Civis ou militares, estamos todos obrigados a avaliar a moralidade de nossas ações
Em junho, o presidente Jair Bolsonaro proclamou que as Forças Armadas não cumprem ordens absurdas. Penso que ele tem razão. O direito internacional também. Pelo menos desde os Julgamentos de Nuremberg, ficou estabelecido que a obediência a ordens de superiores não isenta o agente de responsabilidade penal por suas ações.
Assim, se o tenente manda e o soldado atira na nuca do suspeito rendido, ambos cometem homicídio qualificado. Se o presidente manda e o ministro some com a papelada incriminadora, os dois infringem a lei. Estar abaixo na hierarquia pode no máximo ser considerado circunstância atenuante.
Não há escapatória, civis ou militares, estamos todos obrigados a avaliar o tempo todo a moralidade de nossas ações.
Diante disso, o general Eduardo “um Manda e o Outro Obedece” Pazuello, ministro da Saúde, pode ficar em maus lençóis. O militar, ainda nos quadros da ativa do Exército, acatou determinação do presidente de encerrar colaboração com o Instituto Butantan para a aquisição de uma vacina chinesa contra a Covid, a Coronavac. Foi uma ordem absurda?

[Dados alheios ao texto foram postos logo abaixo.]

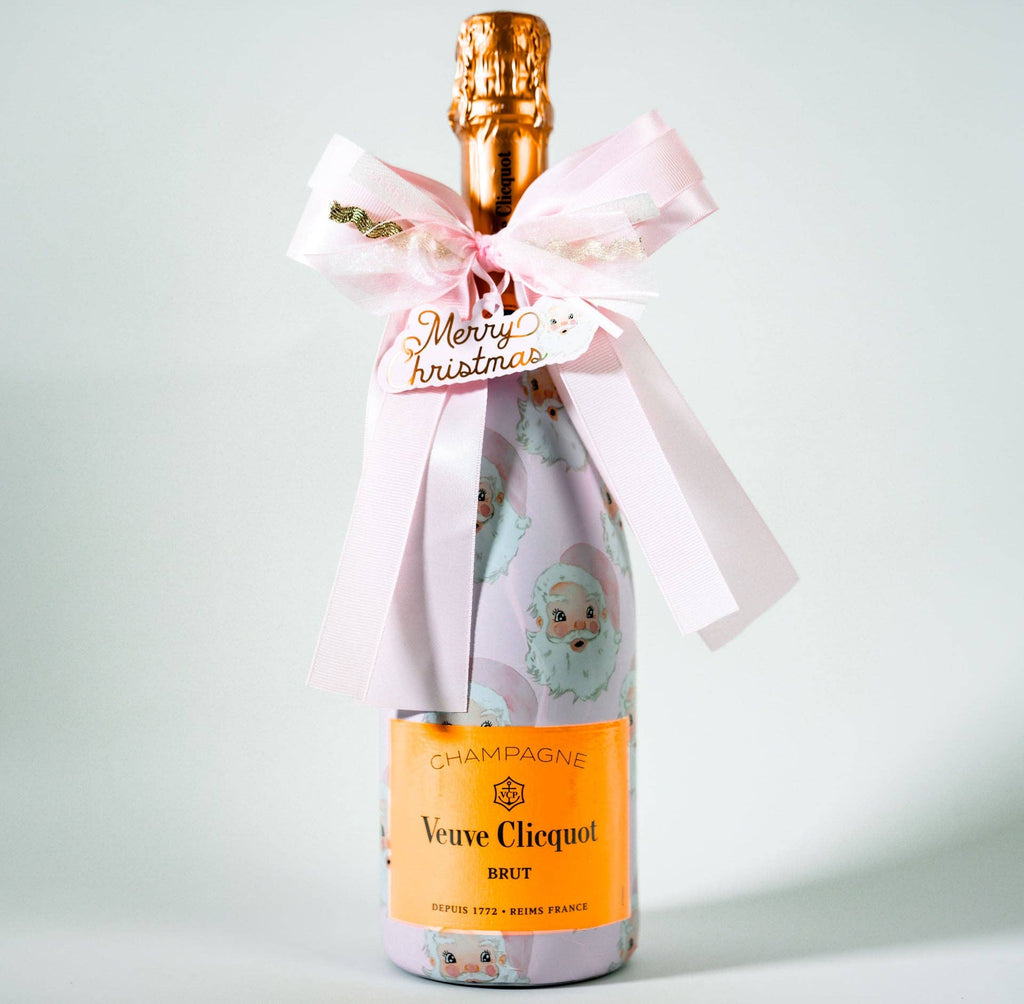 Beau Bottles X Wrapido!'s Limited Edition Watercolor Pink Santa Bottle Wrap and Bougie Bottle Bow™  Matching Set-Champagne Collection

A questão é traiçoeira. Não penso que governos precisem fazer compras antecipadas de um imunizante que ninguém sabe se vai funcionar. O terreno é suficientemente incerto para não gerar obrigações. Mas é importante atentar para o fato de que a administração Bolsonaro já firmara um acordo desses para obter a vacina da Universidade de Oxford.
O presidente até pode sustentar que o acerto deve valer num caso e não no outro, mas precisaria oferecer uma justificativa racional para isso. Sem essa justificativa, que não apareceu, a ordem se torna de fato absurda, o que daria a Pazuello, seja como ministro, seja como militar, o direito de desobedecê-la.
Ordens absurdas até podem ser executadas, mas só se forem inócuas o suficiente para não causar danos. Caso contrário, o executor se torna coautor.